Children are encouraged to engage in social interactions, making choices, observe, experiment, explore, interact, and be autonomous. Children are empowered to develop their own thoughts, feelings, bodies and adults support them in communicating their ideas, making links, being curious, and interacting actively with the world around them.
- Gross Motor Activities give children the opportunity to use their muscles as well as their imaginations, as they engage in fun, healthy exercises, such as running, jumping and climbing.
- Fine Motor Activities help improve small muscle development and eye hand coordination. Some common items found in the fine motor/ manipulative area includes puzzles, beads and laces, pegboards, crayons and scissors.
- Art Activities help the children creatively express their thoughts and feelings. They help reinforce fine motor skills and concept development in areas such as colors, shapes and size relationships.
- Dramatic Play Activities help children express themselves, practice life skills, improve social skills, increase self-esteem, build vocabulary and solve problems.
- Music Activities promote youngsters’ listening skills, creative expression, and social skills. In music, children can explore sound, volume, tempo, and rhythm.
- Science Activities offer children many hands on opportunities for observation, exploration, investigation, making predictions and experimentation.
- Sand and Water Activities allow children to experiment with textures and the properties of different substances. These activities also promote the development of other skills, such as math, science and language.
- Block Play gives children experience with many different concepts, such as shape size discrimination, spatial relationships, number skills, balance, organization, cause and effect and classification.
- Story Time is designed to help children develop an appreciation and enjoyment of literature.
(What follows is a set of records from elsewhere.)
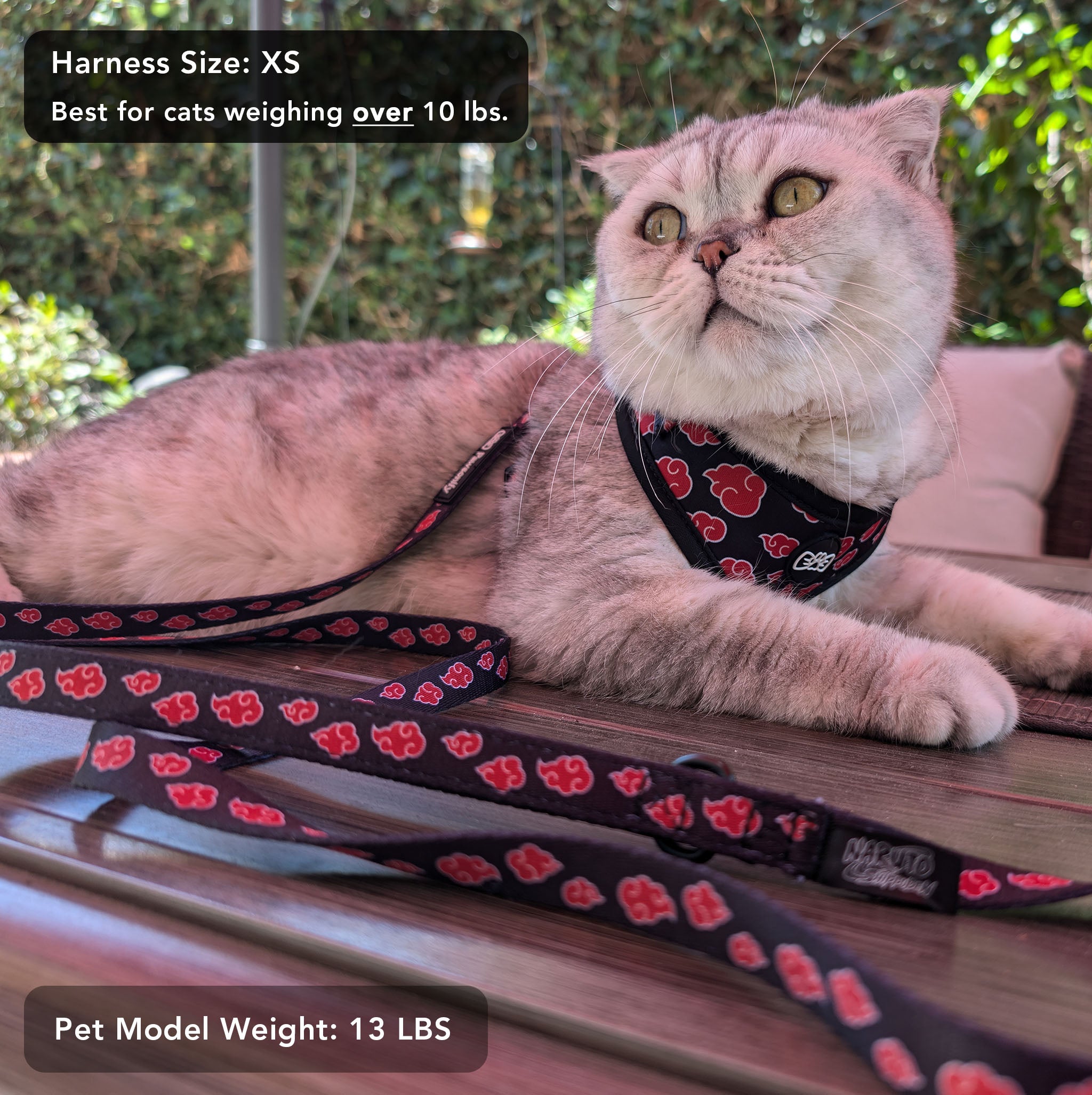 Cat wearing a Pawsonify XS Akatsuki Harness, showcasing the fit for slightly larger pets. #size_XS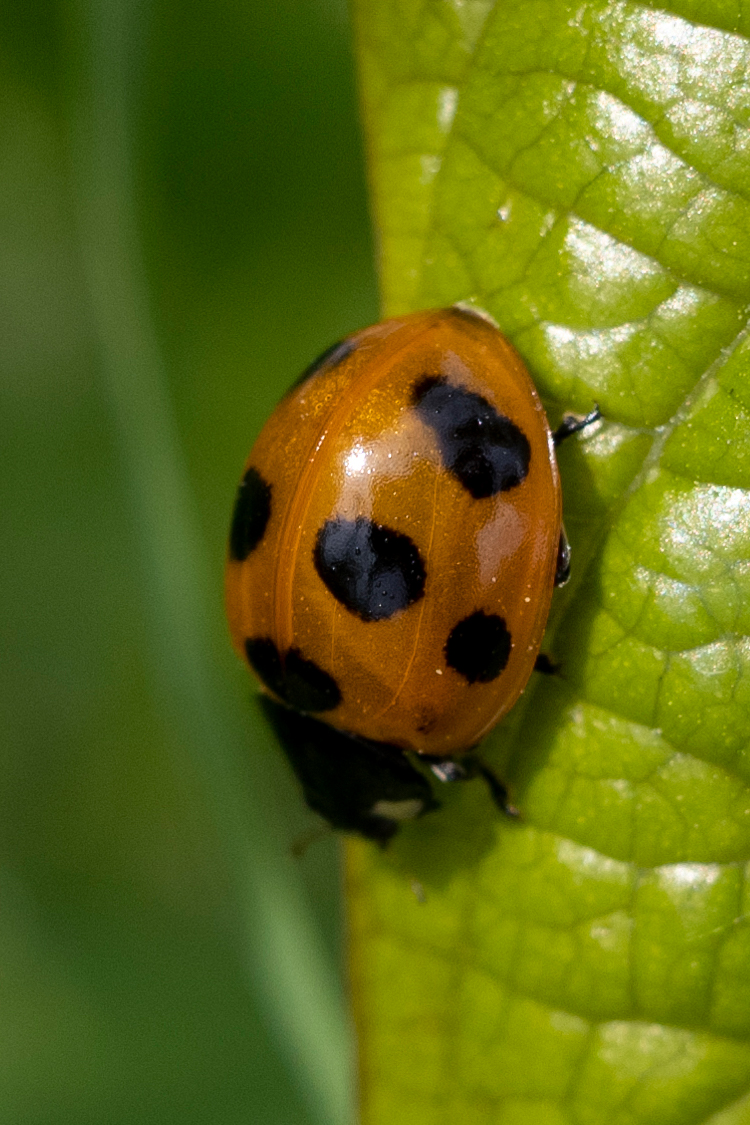 Pictures of Seven-spot ladybird.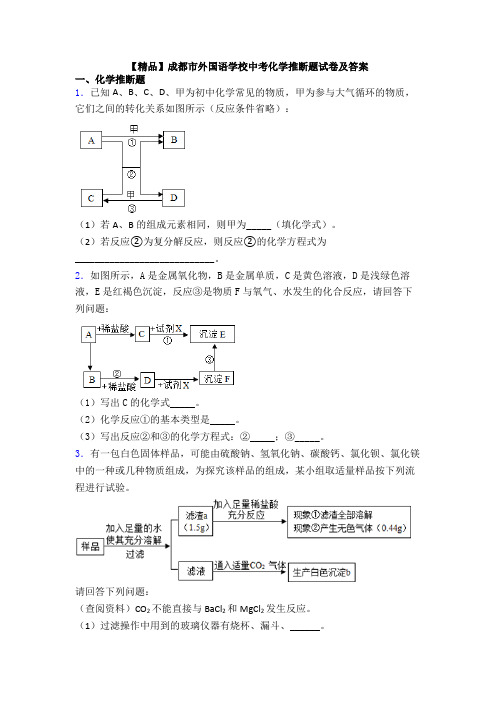 【精品】成都市外国语学校中考化学推断题试卷及答案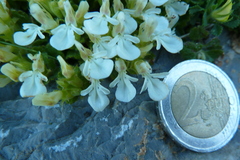Teucrium pyrenaicum guarensis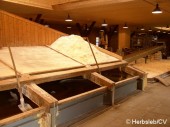 Salinemuseum Halle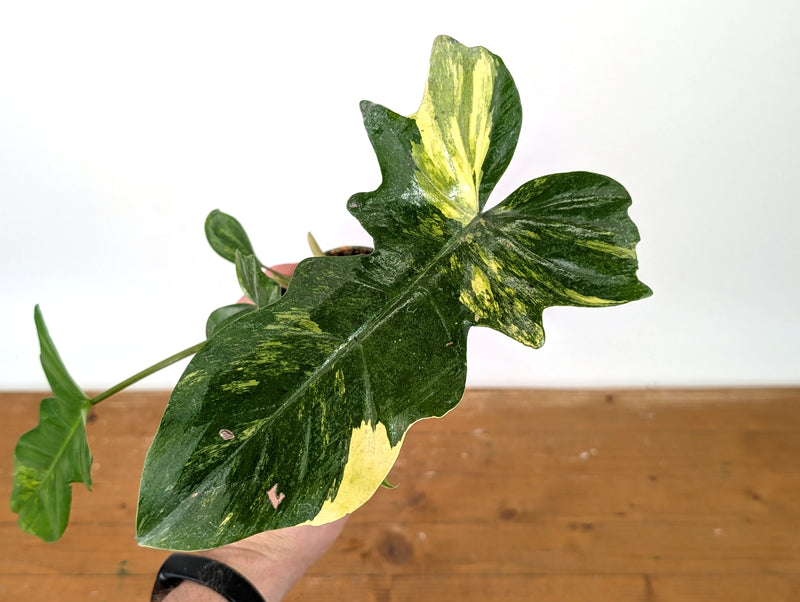 Philodendron Florida Beauty x Mayoi Variegated - Exact Plant #27A in 4" Pot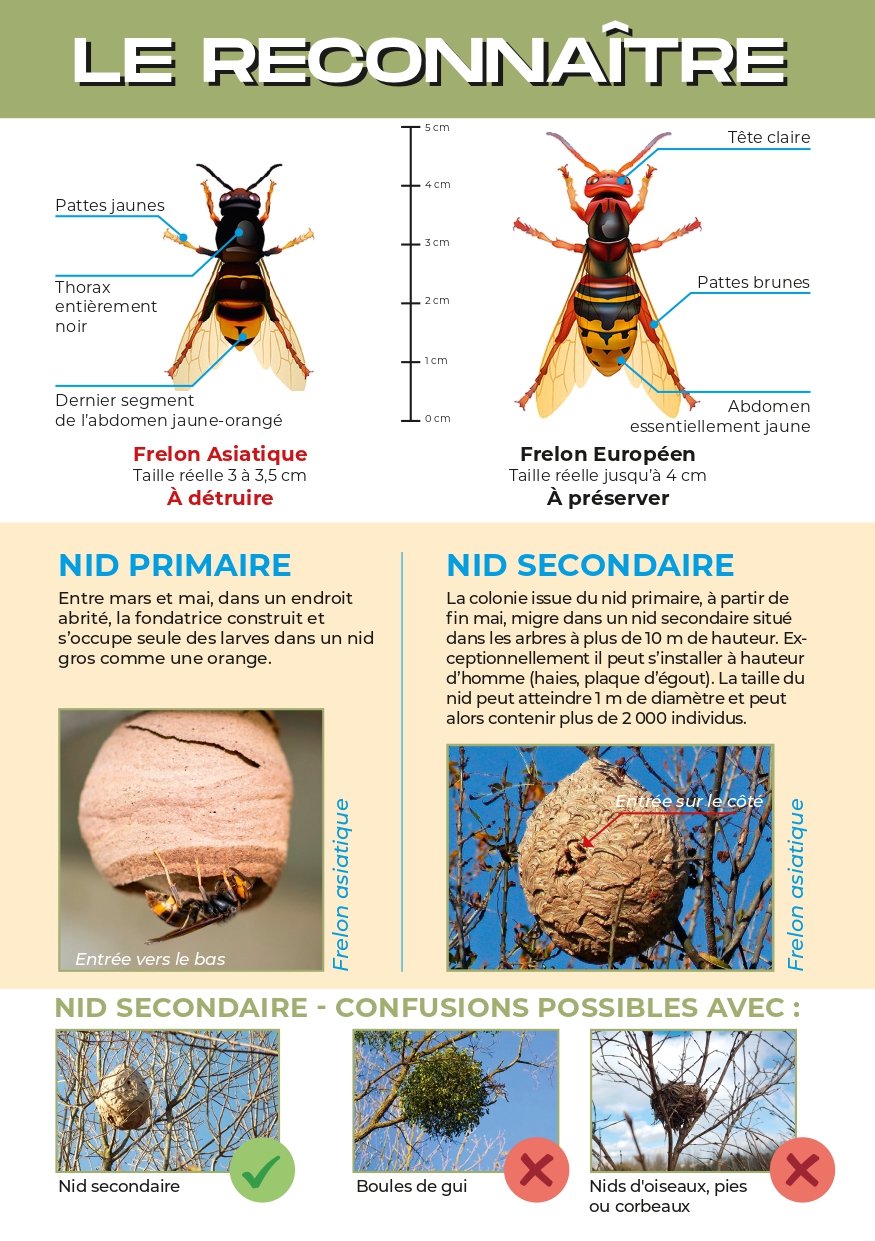 BROCHURE FRELON ASIATIQUE_page-0003.jpg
Reading activities enhance children’s vocabulary and comprehension skills and expand their knowledge base. Story Time offers children a time to slow down and relax. It is designed to help children develop an appreciation and enjoyment of literature. Reading activities enhance children’s language and comprehension skills expanding their knowledge base. Intellectual stimulation, acquisition of information. Special Reading Language Time On daily basis children will learn and are encouraged to verbally express themselves by describing objects by the use of different attribute: label, function, components, color, shape, association, accessories, size, category, composition, location, quantity, position, spatial, temporal, patterns, sequencing, classifying, and comparisons. Language is used in all activities in words, sentences, and conversational levels.
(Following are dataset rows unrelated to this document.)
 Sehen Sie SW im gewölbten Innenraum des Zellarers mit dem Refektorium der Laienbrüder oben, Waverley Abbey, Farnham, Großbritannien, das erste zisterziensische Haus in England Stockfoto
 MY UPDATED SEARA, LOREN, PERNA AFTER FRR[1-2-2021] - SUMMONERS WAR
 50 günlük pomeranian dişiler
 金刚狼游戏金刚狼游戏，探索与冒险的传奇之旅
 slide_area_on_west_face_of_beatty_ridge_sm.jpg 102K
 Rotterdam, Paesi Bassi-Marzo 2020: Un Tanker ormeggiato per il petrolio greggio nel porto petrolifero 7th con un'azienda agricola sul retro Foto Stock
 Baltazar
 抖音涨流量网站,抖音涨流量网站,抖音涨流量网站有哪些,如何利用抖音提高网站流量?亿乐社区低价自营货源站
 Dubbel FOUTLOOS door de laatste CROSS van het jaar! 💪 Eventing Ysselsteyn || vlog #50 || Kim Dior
- Cree Daily children are taught the Cree Language through the use of Cree songs, dancing, chants/rhymes, storytelling and table activities like arts & crafts. Colors, numbers, animals, body parts, names of everyday objects and actions are some of the vocabulary that is taught to the children. Educational games are played to help children retain information. Stories and legends are read to the children, followed by open-ended questions and group discussion. Coloring / activity worksheets and art projects are completed by children. Children are encouraged to practice positive interaction, communication skills and to develop interpersonal skills including self-pride and expression.
- Center Time is student directed time with adult assistance from the teacher when needed. Children go to the different activity centers. Center time is a part of the children’s day that is more than just for play. During learning center time children choose to go to different centers that are created in the program. Learning centers benefit children by giving them a chance to form plans, make decisions, AND CARRY out plans, promoting active learning and language development.